スピースは生き返った。14番1メートル半を沈めるバーディーパットを沈め、機を取り直した直後の15番、この日始めて迎えたパー5、グリーン左端に乗せると、15メートルはあろうという超ロングパットをど真ん中から沈めて見せる、ボールは大海原をほんろうされる帆船のように、しかし、目指す港を逃さなかった。起死回生のイーグル。前半の不調がウソのように消えた。マスターズ、全米オープンを連勝した2015年のスピースがさらにたくましさを増してかえってきた。
「13番は練習場にドロップできるのか、と競技委員に聞くと問題ないと言われた。あの後、3メートルのボギーパットを前にしてはいらなかったら5オーバーか、といやな思がよぎった」優勝を決めた公式会見だ。バークデールは全英伝統の18ホールを行って帰る「ゴーイングアウト、カミングイン方式」ではない唯一のコース。例年なら芝を刈りこんだ平らなエリアなどなかったところに格好の“ドロップエリア”が用意されていた。偶然が生んだスピースのラッキーだ。今後語り継がれることだろう。「キディーのグレラーはボギーで上がったときこれで俺たちの流れは変わったぞ、あのあといった。僕も心底そう思った」とスピース。神の啓示だったのかもしれない。
「15番のイーグルは入る、入らないの問題ではない。入ったからすごいことなんだ。あれがはいったあと、自分の球は最期まで自分で責任を持つのがゴルフだが、キャディーに“その球を拾ってよ”と僕は言った。自分の信条に反するが、この試合に勝つのなら何か思い出に残ることをしておきたかった」
興奮のなかでスピースは冷静だった。
球を拾わせることで、その幸せ、興奮、喜びをともに戦うキャディーと共有したい、と考えるスピースがいた。そこまで考える23歳を今年の全英はまざまざとみせくれた。

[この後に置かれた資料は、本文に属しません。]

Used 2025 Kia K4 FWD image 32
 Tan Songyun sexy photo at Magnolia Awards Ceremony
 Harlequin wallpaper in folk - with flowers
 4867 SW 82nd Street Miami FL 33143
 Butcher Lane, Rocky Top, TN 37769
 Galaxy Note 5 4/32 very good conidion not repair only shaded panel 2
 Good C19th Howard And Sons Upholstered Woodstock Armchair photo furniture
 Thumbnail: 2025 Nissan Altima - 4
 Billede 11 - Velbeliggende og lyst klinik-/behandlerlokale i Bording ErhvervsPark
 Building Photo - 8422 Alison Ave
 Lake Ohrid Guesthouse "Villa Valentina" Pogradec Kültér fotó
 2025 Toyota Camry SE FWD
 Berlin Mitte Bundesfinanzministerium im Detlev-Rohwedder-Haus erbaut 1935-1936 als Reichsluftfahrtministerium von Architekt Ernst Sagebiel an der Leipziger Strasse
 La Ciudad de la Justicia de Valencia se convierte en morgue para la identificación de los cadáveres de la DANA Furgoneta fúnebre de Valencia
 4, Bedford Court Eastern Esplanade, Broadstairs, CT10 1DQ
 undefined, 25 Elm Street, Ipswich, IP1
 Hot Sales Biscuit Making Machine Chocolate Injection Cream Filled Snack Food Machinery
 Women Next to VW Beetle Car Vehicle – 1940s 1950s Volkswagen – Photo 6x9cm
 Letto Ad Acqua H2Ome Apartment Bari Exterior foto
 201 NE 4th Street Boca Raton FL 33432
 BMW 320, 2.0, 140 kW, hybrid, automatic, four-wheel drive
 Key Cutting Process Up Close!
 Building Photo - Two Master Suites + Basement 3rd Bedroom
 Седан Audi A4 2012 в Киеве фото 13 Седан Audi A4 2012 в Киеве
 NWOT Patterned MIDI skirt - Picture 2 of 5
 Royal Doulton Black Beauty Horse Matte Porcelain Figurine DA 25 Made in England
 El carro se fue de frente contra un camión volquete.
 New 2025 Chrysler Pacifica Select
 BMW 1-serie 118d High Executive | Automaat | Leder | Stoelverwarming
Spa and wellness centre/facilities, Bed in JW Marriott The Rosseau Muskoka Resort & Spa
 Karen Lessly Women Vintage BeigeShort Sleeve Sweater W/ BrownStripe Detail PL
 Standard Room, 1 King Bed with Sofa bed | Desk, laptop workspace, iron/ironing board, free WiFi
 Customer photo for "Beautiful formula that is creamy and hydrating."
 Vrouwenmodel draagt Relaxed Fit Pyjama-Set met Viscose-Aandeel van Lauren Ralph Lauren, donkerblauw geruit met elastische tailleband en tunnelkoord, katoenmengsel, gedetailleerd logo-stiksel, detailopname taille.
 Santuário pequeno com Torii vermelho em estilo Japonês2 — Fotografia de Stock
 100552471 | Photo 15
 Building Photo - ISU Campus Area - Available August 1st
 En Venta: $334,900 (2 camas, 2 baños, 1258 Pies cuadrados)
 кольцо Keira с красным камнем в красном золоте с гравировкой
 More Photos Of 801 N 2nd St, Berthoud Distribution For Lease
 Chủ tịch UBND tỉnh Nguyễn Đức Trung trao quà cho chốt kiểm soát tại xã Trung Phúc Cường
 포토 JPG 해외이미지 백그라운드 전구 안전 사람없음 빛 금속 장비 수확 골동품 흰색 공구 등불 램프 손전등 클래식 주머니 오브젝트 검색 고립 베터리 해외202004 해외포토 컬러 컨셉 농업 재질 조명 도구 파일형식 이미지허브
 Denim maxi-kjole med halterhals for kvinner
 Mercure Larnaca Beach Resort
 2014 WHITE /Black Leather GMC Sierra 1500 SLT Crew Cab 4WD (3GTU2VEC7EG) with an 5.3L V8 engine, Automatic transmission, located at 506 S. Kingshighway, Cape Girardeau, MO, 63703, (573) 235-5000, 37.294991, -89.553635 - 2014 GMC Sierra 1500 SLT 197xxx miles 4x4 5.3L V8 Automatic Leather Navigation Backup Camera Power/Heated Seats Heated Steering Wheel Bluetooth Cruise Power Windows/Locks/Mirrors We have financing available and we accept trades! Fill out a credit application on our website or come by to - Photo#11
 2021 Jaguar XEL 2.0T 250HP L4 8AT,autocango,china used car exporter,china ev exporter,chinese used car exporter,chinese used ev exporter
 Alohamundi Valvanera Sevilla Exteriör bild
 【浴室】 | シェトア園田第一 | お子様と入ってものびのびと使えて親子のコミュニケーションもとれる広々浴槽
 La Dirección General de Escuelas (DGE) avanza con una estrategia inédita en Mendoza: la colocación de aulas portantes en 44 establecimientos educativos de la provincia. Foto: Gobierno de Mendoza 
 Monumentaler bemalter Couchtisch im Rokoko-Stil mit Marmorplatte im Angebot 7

ロイヤルバークデイルは61年のパーマーをはじめ71年トレビノ、76年ジョニー・ミラー、さらに83年トム・ワトソンと当たり前のようにスターたちが米国勢の強さを誇示した。だが、きら星のように並ぶアメリカ勢の中で今年ほどの感動を世界に見せたつけたのは、スピースをおいてない。スピースはアメリカ人プレーヤーの語り草となった。